Your objective: Take each line from the material below that includes the string "background" and copy it.

§ §

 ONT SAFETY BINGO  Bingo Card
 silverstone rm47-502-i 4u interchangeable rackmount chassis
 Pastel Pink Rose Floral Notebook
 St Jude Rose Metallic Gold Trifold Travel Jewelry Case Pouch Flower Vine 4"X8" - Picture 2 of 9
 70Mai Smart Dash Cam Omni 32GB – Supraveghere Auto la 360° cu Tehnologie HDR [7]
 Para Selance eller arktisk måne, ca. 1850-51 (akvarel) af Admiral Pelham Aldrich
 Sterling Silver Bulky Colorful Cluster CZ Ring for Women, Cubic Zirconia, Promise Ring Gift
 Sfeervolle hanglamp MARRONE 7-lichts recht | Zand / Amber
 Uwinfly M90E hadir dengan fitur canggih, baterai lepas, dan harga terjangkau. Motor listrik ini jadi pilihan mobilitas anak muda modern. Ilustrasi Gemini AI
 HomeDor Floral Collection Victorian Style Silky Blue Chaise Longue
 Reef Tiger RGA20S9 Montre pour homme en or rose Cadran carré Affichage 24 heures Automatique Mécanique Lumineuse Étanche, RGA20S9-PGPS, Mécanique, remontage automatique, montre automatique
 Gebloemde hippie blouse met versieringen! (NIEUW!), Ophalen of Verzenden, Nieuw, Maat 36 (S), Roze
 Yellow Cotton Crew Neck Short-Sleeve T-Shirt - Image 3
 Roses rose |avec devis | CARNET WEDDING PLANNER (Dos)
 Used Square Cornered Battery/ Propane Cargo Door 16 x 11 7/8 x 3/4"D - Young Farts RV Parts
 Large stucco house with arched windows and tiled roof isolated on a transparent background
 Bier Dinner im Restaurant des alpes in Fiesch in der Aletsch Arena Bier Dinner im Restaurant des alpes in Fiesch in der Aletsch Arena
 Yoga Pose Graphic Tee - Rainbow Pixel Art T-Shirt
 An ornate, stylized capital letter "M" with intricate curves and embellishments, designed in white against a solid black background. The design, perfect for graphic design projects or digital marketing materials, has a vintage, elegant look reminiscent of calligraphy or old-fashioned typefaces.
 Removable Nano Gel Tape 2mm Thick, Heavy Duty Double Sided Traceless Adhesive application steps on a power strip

§ §

Answer to this task:
 Large stucco house with arched windows and tiled roof isolated on a transparent background
 An ornate, stylized capital letter "M" with intricate curves and embellishments, designed in white against a solid black background. The design, perfect for graphic design projects or digital marketing materials, has a vintage, elegant look reminiscent of calligraphy or old-fashioned typefaces.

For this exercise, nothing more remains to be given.